Development of novel polymeric biomaterials, regeneration of tendon/ligament, protein delivery for orthopaedic tissue engineering.
The goal of our laboratory is to design polymeric biomaterials for specific orthopaedic applications, including regeneration of tendon/ligament, cartilage and bone. These synthetic and naturally-derived biomaterials are used in conjunction with other biochemical and mechanical stimuli to promote priming of stem cells to express a particular phenotype, as well as deliver biomolecules to promote healing of tissues that have degenerated due to chronic conditions, such as osteoarthritis or overuse injuries.
Cellular mechanics of hematologic processes and disease, microfluidics, microfabrication, BioMEMs, point-of-care diagnostics, pediatric medicine, hematology, oncology.
Our interdisciplinary laboratory, comprising clinicians, engineers, and biologists, is dedicated to applying and developing micro/nanotechnologies to study, diagnose, and treat blood disorders, cancer, and childhood diseases. This unique "basement to bench to bedside" approach to biomedical research is enabled by our lab’s dual locations at the Emory University School of Medicine and the Georgia Institute of Technology and our affiliations with the Children’s Healthcare of Atlanta hospitals.
Optical microscopy and in vivo imaging, RNA virus pathogenesis, HIV/SIV and hRSV, and detection, RNA regulation, therapeutics and vaccines.
Research in the Santangelo lab is primarily focused on three areas, native RNA regulation, RNA virus pathogenesis, and RNA therapeutics and vaccines, where the application and development of imaging technology is applied to all three areas. To address RNA regulation, localization and dynamics in the cellular milieu, we have developed single molecule sensitive approaches for imaging native RNAs and RNA dynamics in live cells, as well as the first assay to detect native RNA-protein interactions in situ. To date, the results of these methods have been applied to the cell biology of human respiratory syncytial virus infections and RNA regulation during tumorigenesis. These methods are also being used to interrogate and develop RNA-based therapeutics and vaccines. In addition we have been developing whole-body, PET/CT imaging tools for interrogating SIV infections within the macaque model. The purpose of this tool is to answer fundamental questions regarding the location of residual virus during treatment, in the hope of learning vital information that could be applied to approaches seeking to “cure” SIV or HIV.
It is our vision that one day mathematics and computation will be capable of reliably predicting, manipulating and optimizing biomedical systems for the advancement of medicine, drug development, biotechnology and productive and sustainable stewardship of the environment.
Pursuing this vision, the goal of our lab is to understand small biological systems in great detail. We work toward this goal by performing studies that target the fine-tuned synergism between genes, proteins and metabolites, and investigate the resultant, usually very effective functioning of healthy cells and organisms in comparison to those that are mutated or diseased. Milestones along the way are insights into the rationale for the intricate design and operation principles that govern biological systems.

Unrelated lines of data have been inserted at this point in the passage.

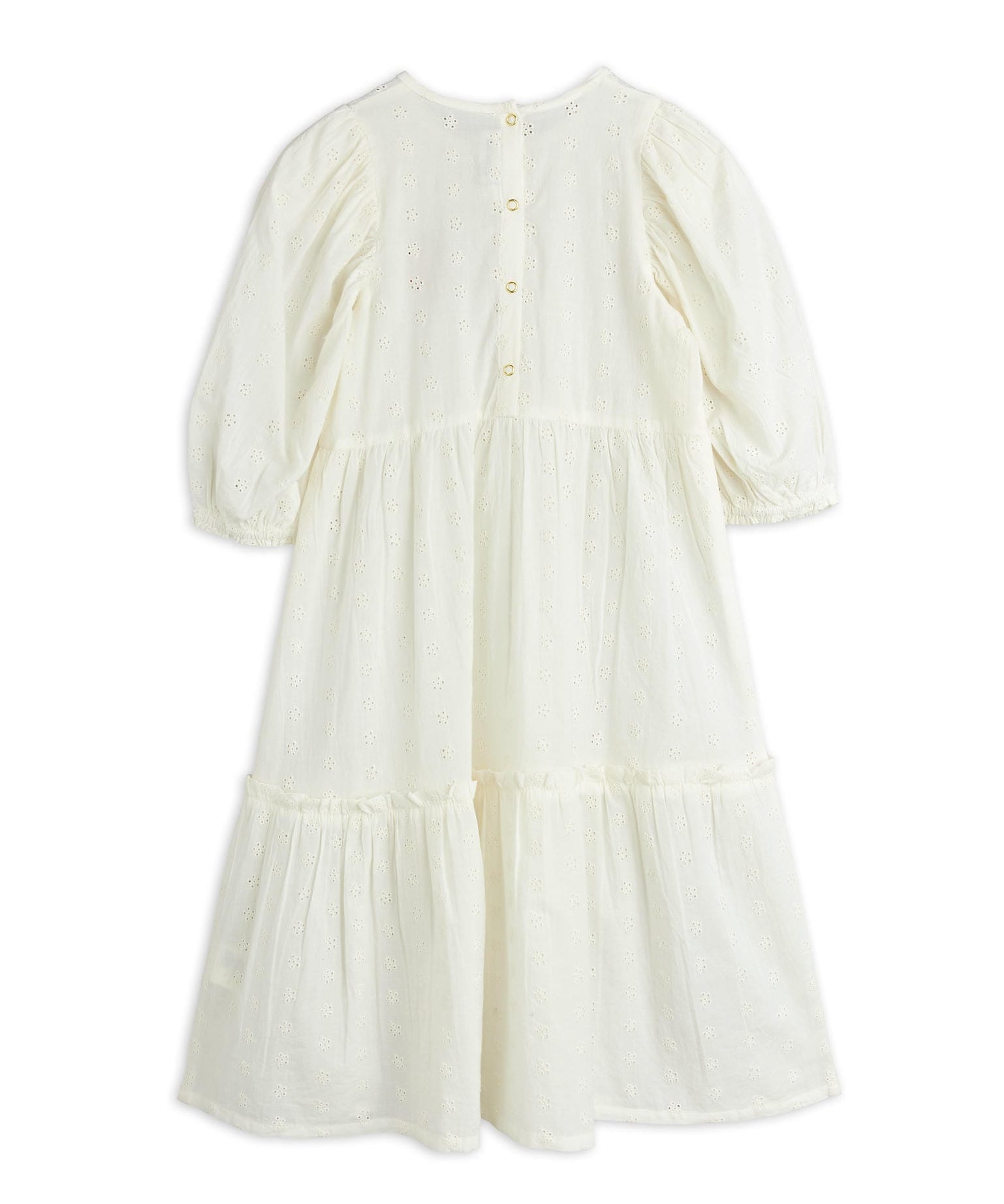 Strawberry emb schiffli woven puff sleeve dress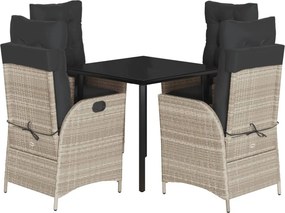 vidaXL 5részes világosszürke polyrattan kerti étkezőgarnitúra párnával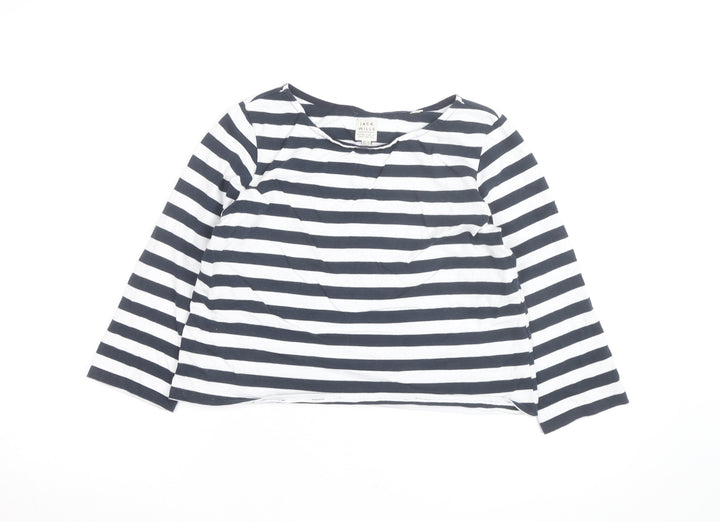 Jack Wills Women’s Blue Striped 3/4 Sleeve Cotton T-Shirt UK 10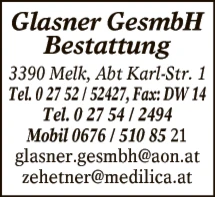 Print-Anzeige von: Glasner Andrea GesmbH, Bestattung Print-Anzeige von: Glasner Andrea GesmbH, Bestattung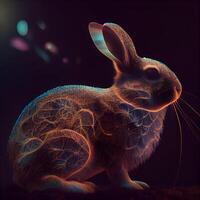 Digital Illustration von ein Hase mit glühend Licht auf ein dunkel Hintergrund, ai generativ Bild foto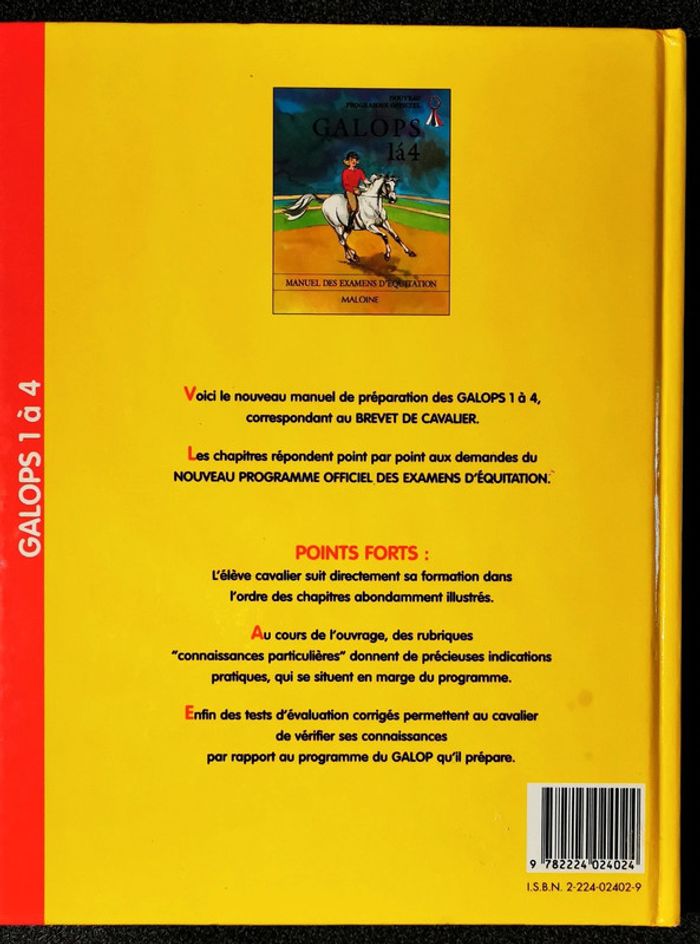 Livre cours équitation / hypologie galop 1 à 4 - photo numéro 2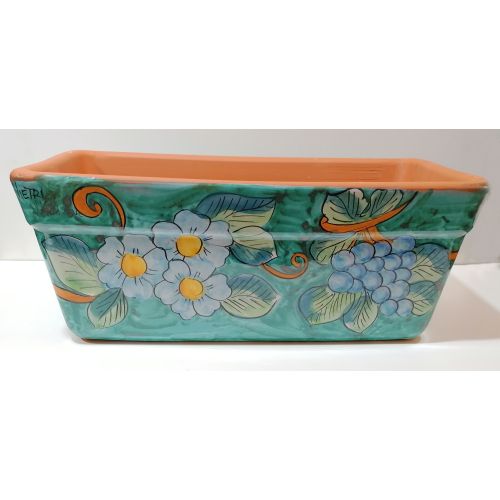 Rectangular Planter. Green Ramina Base with Flowers. Vietri ceramic. Hand-painted.
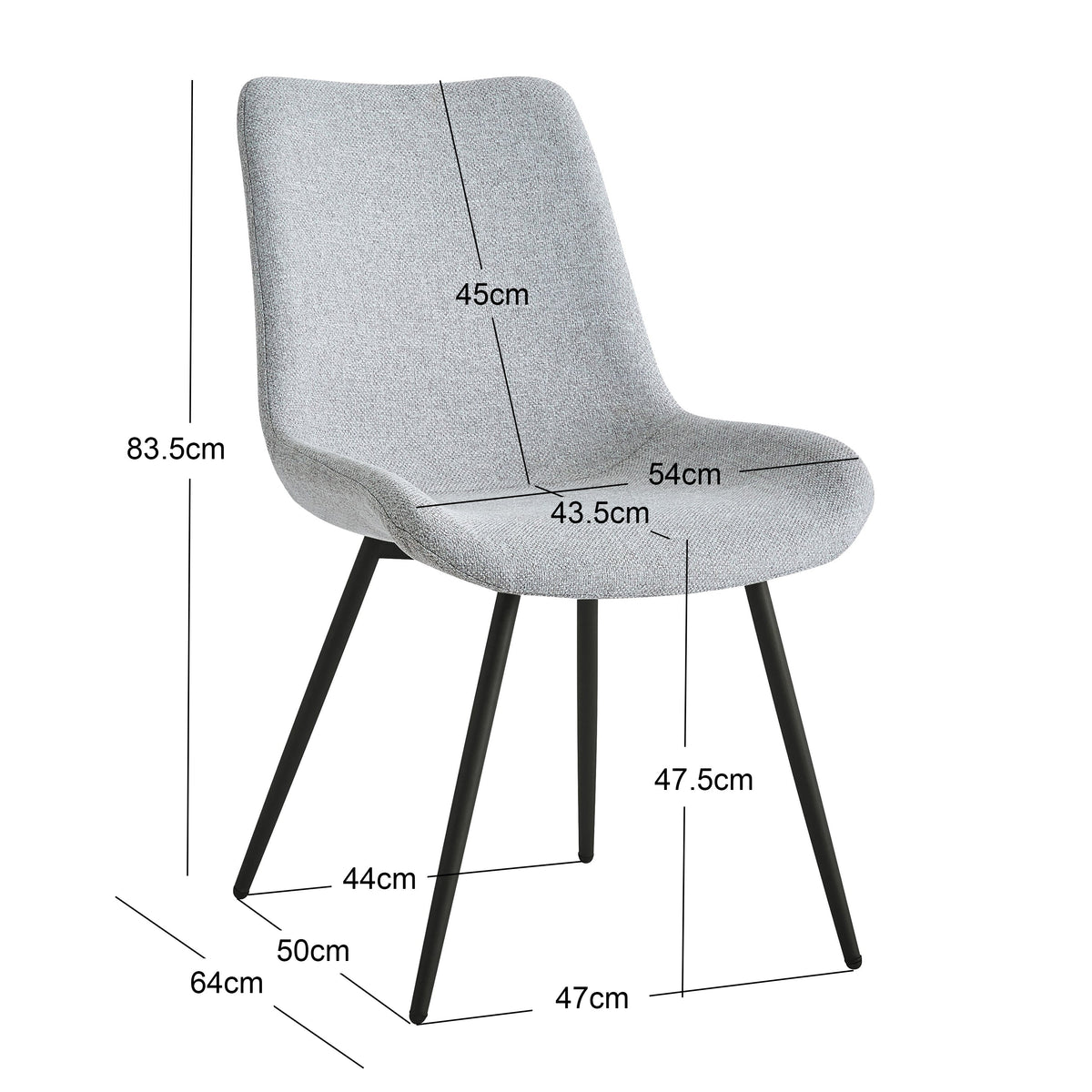 Lot de 2 chaises en métal et tissu beige
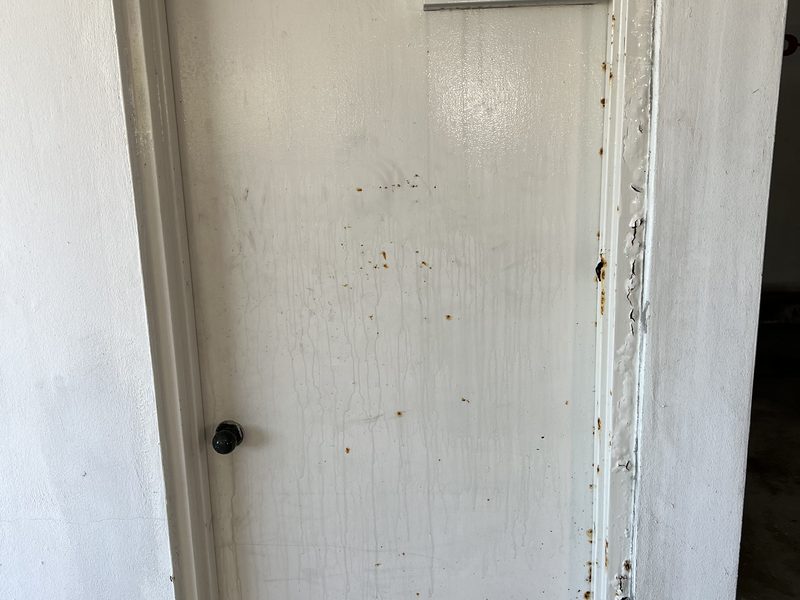 Door before refinishing, weathered surface and dated finish
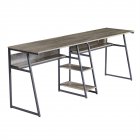 [US Direct] Two  Person  Desk With Open Bookshelf + Storage Shelf Home Office Rustic Writing Desk Workstation (Gray brown)
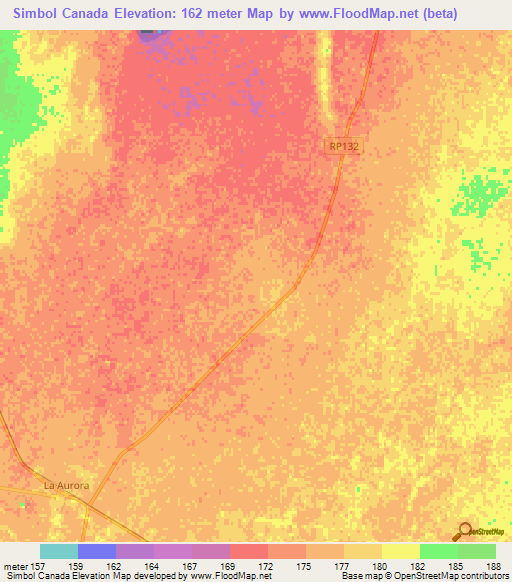 Simbol Canada,Argentina Elevation Map
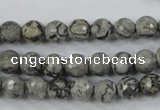 CPT112 15.5 inches 8mm faceted round grey picture jasper beads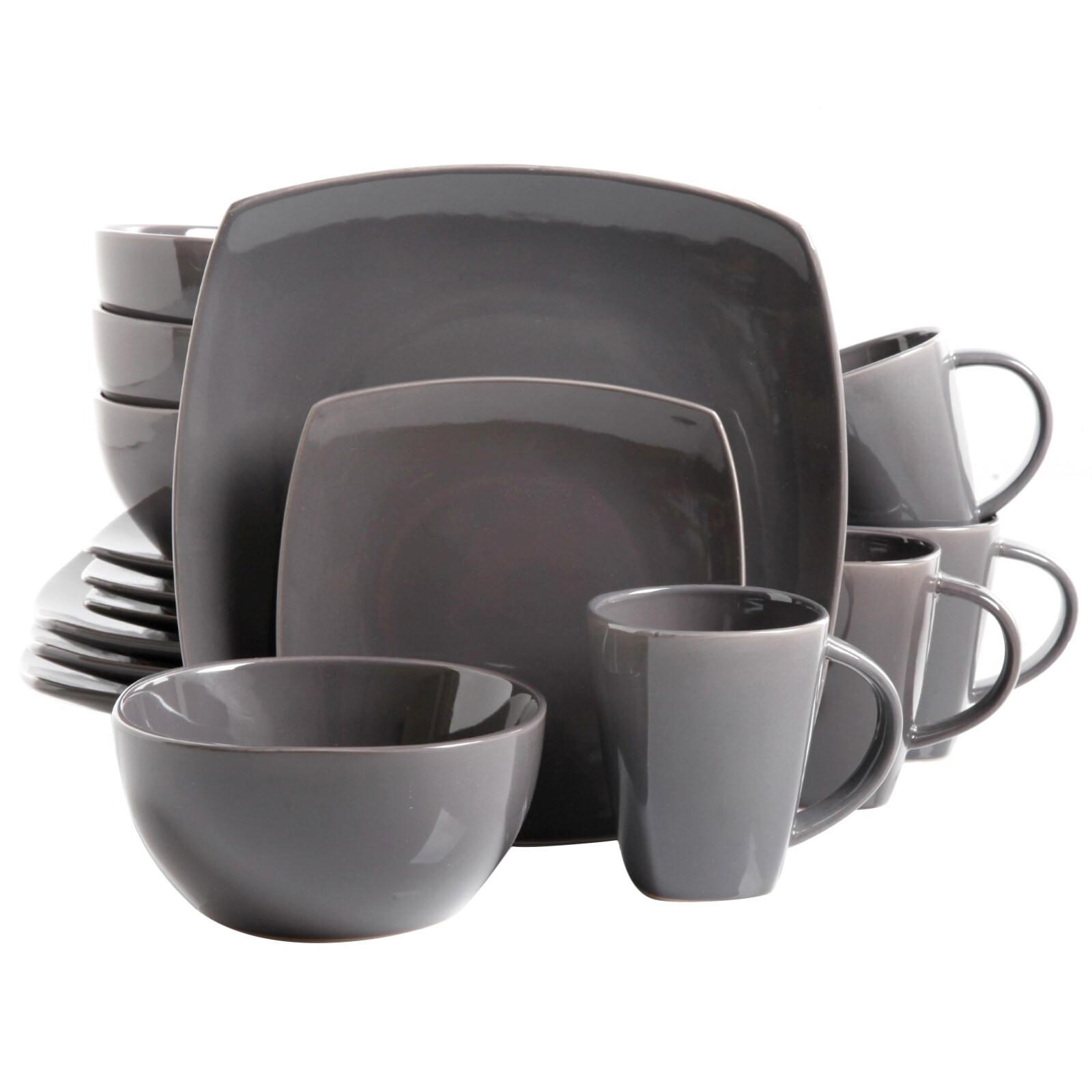 Square Dinnerware Set 16 Pieces in Warm Ash Grey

The work in our lab is strictly mathematical and computational, but we collaborate with several superb experimental groups that provide us with data and appreciate our modeling efforts as tools for explanation and hypothesis generation.
Platt Lab Mission: To fuse engineering, cell biology, and physiology to understand how cells sense, respond, and remodel their immediate mechanical and biochemical environments for repair and regeneration in health and disease, then to translate that knowledge to clinics domestically and internationally to address global health disparities.
Biomechanics and mechanobiology of cell adhesion and signaling molecules of the immune system and the vascular systems:
Our interests lie in the adhesion and signaling molecules of the immune system as well as those involved in platelet adhesion and aggregation. We are primarily focused on early cell surface interaction kinetics and their primary signaling responses, as these are critical in determining how a cell will ultimately respond upon contact with another cell. The majority of our work ranges from single molecule interaction studies using atomic force microscopy, molecular dynamics simulations, or biomembrane force probe assays to single cell studies using micropipette adhesions assays, fluorescence imaging techniques, or real-time confocal microscopy. These assays focus on the mechanics and kinetics of receptor-ligand binding and their downstream signaling effects within cells. T cell receptors, selectins, integrins, and their respective ligands are some of the cell surface molecules currently under investigation in our lab. Understanding the initial interaction between molecules such as these and their subsequent early signaling processes is crucial to elucidating the response mechanisms of these physiological systems. Ultimately, our research strives to help better understand the mechanisms within these systems for possible medical applications in autoimmunity, allergy, transplant rejection, and thrombotic disorders.